Sarah starts to not be able to eat normal food and her body acts as if it is fighting off an extreme infection. Her colleagues and partner take a sample of blood and find that the ‘infection’ has spread and that she doesn’t have much time left before it takes over her. She ends up at Miriam’s again and finally succumbs to becoming a vampire. I did enjoy Susan Sarandon’s acting of her becoming a vampire, it gave a real unnerving sense of her death from a disease she cannot fight off. She kills her partner. One thing this did right is the uncomfortable feeling I had when Sarandon had killed her partner. She walks into the room where Miriam is with blood all down her looking very content, quite terrifying!
Next is a scene I’m still very confused on, Sarah is understandably miffed that she is now part of the undead clan. In blind anger she goes to stab Miriam with the locket, however it’s actually Miriam that’s got the knife and stabbed Sarah. What makes this confusing is the way it’s edited, I still don’t really know how it happened or what happened. Miriam carries Sarah upstairs to put her in a coffin, but the skeletons of her past (quite literally) awake and run after her in the house. She falls down the stairs and ages extremely until she is a skeleton. A pretty mediocre death for the ‘villain’ of the story.

We find out in the last scene that Sarah lived and is now in Paris, having taken on a lover in the same way Miriam did.

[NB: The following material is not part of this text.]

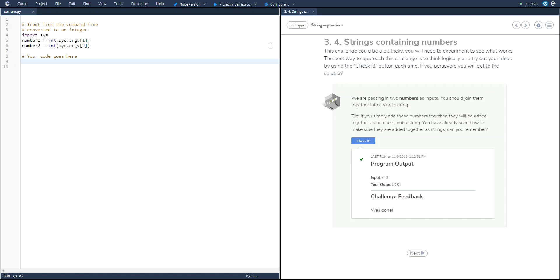In this video we're going to talk about joining two numbers as inputs. In order to put these two numbers side-by-side as inputs, we have to make sure that they're not being added together. So we want to concatenate the two numbers as strings. In order to do that, what you're going to do is you're going to put in the print statement.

While I applaud this film’s attempt at an artsy gothic style, I feel it should have started this from the outset, rather than tempt us with Bauhaus and a funky club. The tonal shift was too great for me to enjoy. I have issues with the editing and the addition of certain things, including the monkeys, because there is no pay off to why the monkeys are so important. The acting and special effects are the main good points and I cannot fault any of the three main people, they added to the film’s gothicness, even if editing did fail them. A crime I cannot forgive though is the lack of Bowie! The worst crime of all though is Sarandon’s hair!
Talking to my partner who watched this with me he pointed out a couple of things. The film comes across as trying to be edgy and artsy, but the strange editing lets it down. It shouldn’t have tried to be so clever. He also said that the cinematography was very similar to Michael Mann.
Overall I’d give this film a 2 1/2 out of five, I’ll not reach for this flick again unless it was on the television and there was nothing better on.